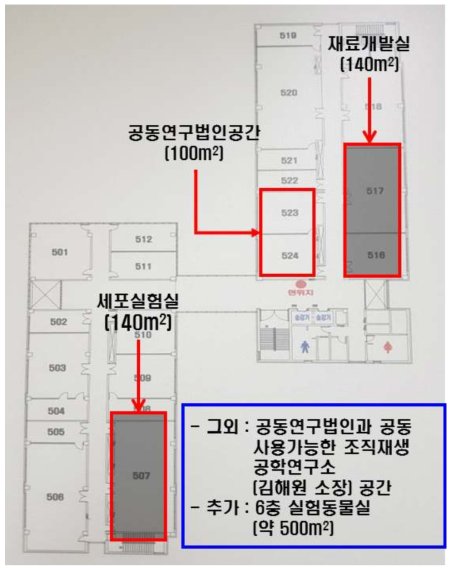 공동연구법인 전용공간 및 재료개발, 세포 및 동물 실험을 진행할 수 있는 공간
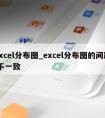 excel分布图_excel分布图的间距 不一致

--

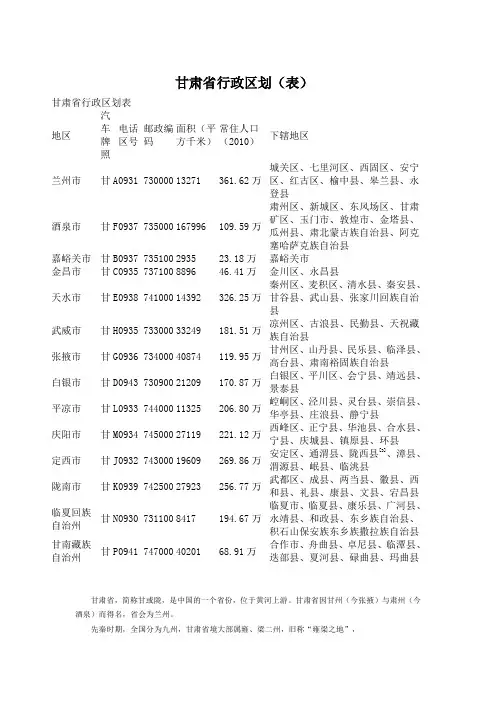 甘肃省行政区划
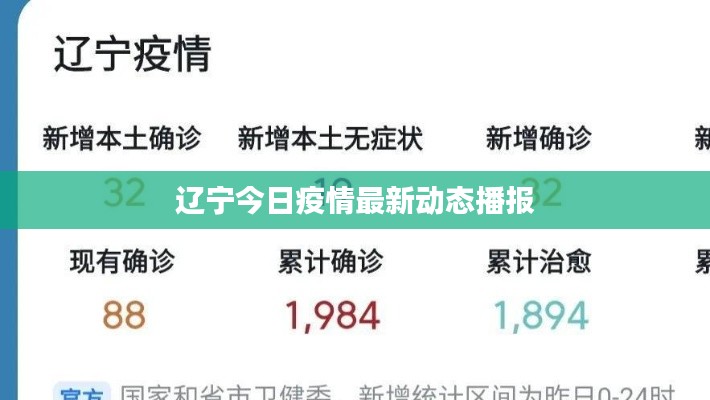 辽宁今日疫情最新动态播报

◆ ASSIGNMENT ◆
Only one stretch of the entries above is needed: the lines from the one containing "공동연구법인 전용공간 및 재료개발, 세포 및 동물 실험을 진행할 수 있는 공간" through the one containing "excel分布图_excel分布图的间距 不一致". Copy it exactly, without the pictures.

◆ TASK RESPONSE ◆
 공동연구법인 전용공간 및 재료개발, 세포 및 동물 실험을 진행할 수 있는 공간
 excel分布图_excel分布图的间距 不一致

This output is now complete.